Adolphe Jullien, par Henri Fantin-Latour
Adolphe Jullien

    L’original de ce portrait par Fantin-Latour (1836-1904) est au Musée d’Orsay à Paris; il est reproduit ici d’après Jean-Jacques Lévêque, Henri Fantin-Latour (ACR Edition, 1996). C’est semble-t-il le seul portrait qui existe d’Adolphe Jullien. Il est surprenant aussi qu’il ne semble y avoir aucune photographie connue de lui: Jullien aurait-il refusé d’être photographié?

Adolphe Jullien, par Félix Jasinski, d’après Fantin-Latour (1887)
Adolphe Jullien

    Cette gravure de 1887 par Félix Jasinski (dont les dates exactes ne sont pas connues) fut faite d’après le portrait par Fantin-Latour reproduit ce dessus.

“Autour du Piano”, par Henri Fantin-Latour (1885)
Autour du piano

    Cette peinture de 1855, œuvre également de Fantin-Latour, représente un groupe d’amis assis autour d’un pianiste, qui est le compositeur Emmanuel Chabrier (d’où le titre par lequel cette toile est connue). Les amis sont des écrivains et des musiciens de métier ou amateurs; ils sont, de droite à gauche, Adolphe Jullien (en chapeau haut de forme et s’appuyant sur une canne), Arthur Boisseau, Camille Benoît, Antoine Lascoux, Vincent d’Indy, Edmond Maître et Amédée Pigeon. Fantin-Latour exposa cette toile au Salon de 1885. C’est semble-t-il la seule autre représentation connue d’Adolphe Jullien à part son portrait par Fantin-Latour reproduit ci-dessus. Il est frappant de constater que le visage de Jullien est dans l’ombre sous son chapeau, alors que ceux des autres personnages sont en pleine lumière (et aucun d’eux ne porte de chapeau). L’original du tableau est au Musée d’Orsay à Paris, et est reproduit ici d’après Jean-Jacques Lévêque, Henri Fantin-Latour (ACR Edition, 1996).

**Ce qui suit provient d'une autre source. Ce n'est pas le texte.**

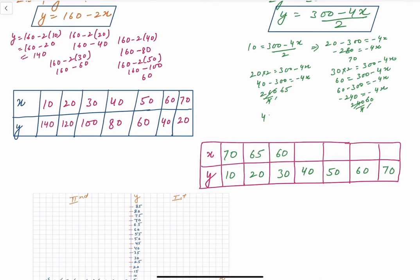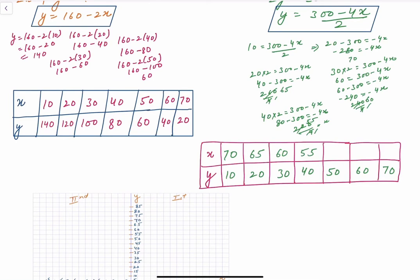Similarly, you can see that the x values decrease by 5 as y increases by 10: 70, 65, 60, 55, 50, 45, 40. Similarly it could extend further. Now let's draw the graph table. We already have the values, so let's plot them.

“Autour du Piano”, d’après la peinture de Fantin-Latour
Autour du piano

    Cette gravure par Thirat, d’après la peinture de Fantin-Latour ci-dessus, fut publiée vers la même époque dans un numéro de 1885 du Monde Illustré concernant les dernières peintures de Fantin-Latour. À l’époque Adolphe Jullien était collaborateur au journal, et dans le texte qui accompagne la gravure il est appelé notre confrère.

Hector Berlioz, par Adolphe Jullien (1888)
A. Jullien Hector Berlioz A. Jullien Hector Berlioz

    Reproduction du dos et de la page de titre de la biographie de 1888 de Berlioz par Adolphe Jullien, faite daprès lexemplaire dans notre collection. Sur le livre lui-même voir ci-dessus.